--- Work task ---
Please set down only the lines below starting with the line with "Edem Aparthotel Βατερά Εξωτερικό φωτογραφία" and going on through the line with "10 Marla new", verbatim and without pictures.

--- Data shown ---
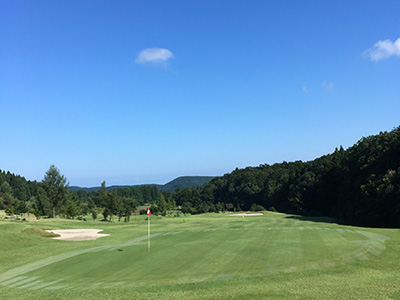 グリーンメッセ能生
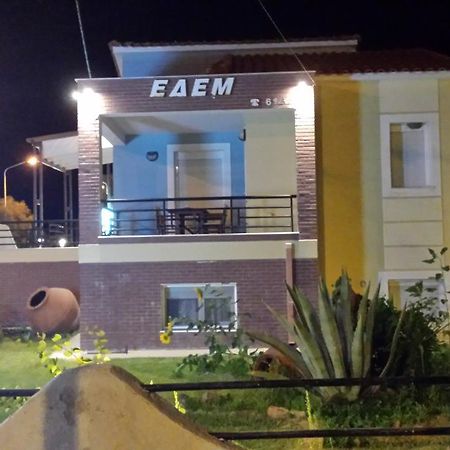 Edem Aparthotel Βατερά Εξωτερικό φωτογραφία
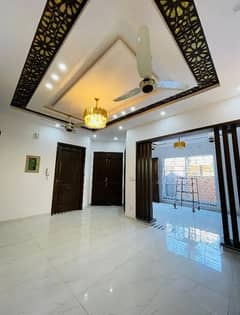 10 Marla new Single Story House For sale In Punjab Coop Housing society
...
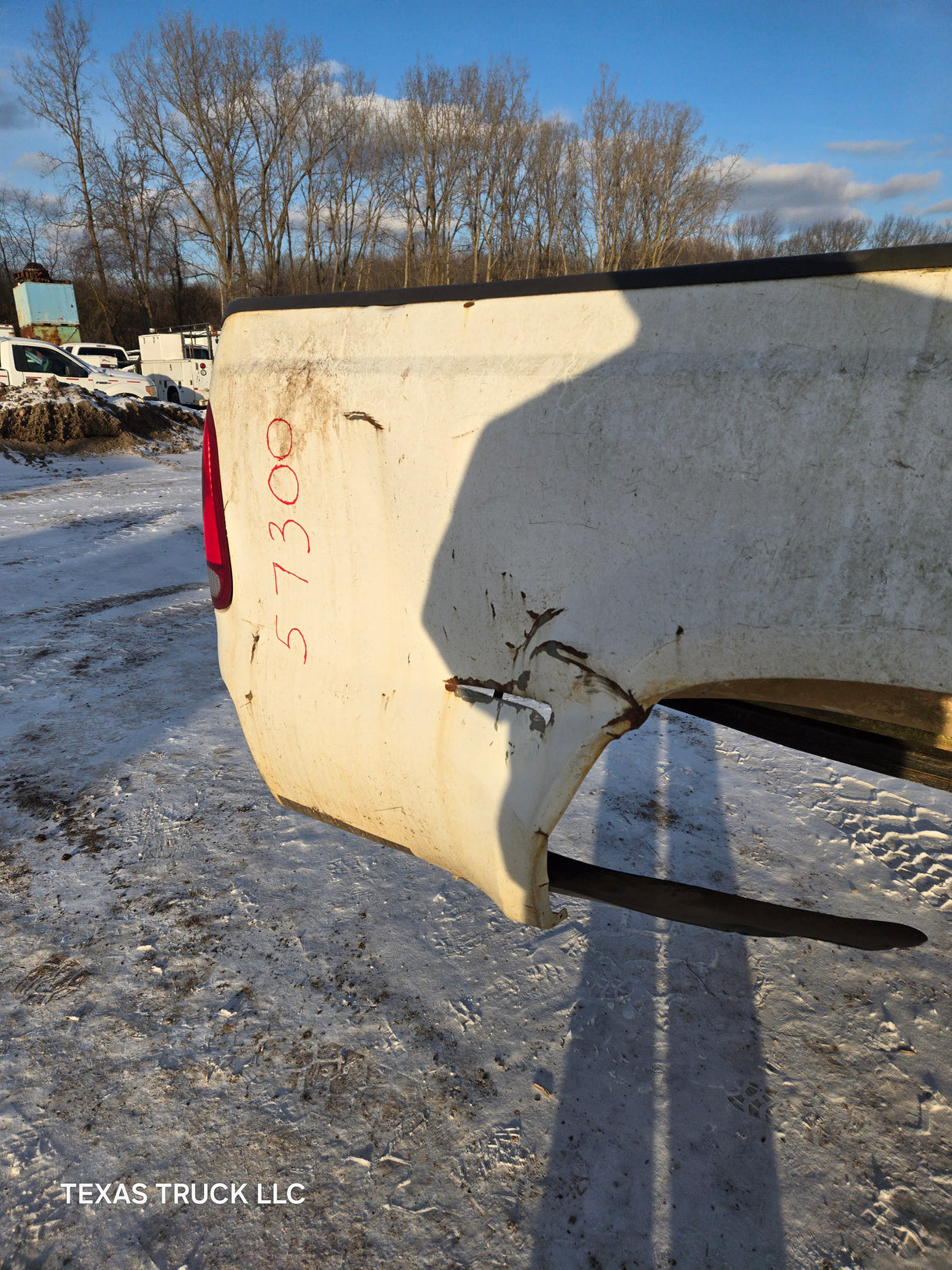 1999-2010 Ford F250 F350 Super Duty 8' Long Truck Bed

--- Written answer ---
 Edem Aparthotel Βατερά Εξωτερικό φωτογραφία
 10 Marla new Single Story House For sale In Punjab Coop Housing society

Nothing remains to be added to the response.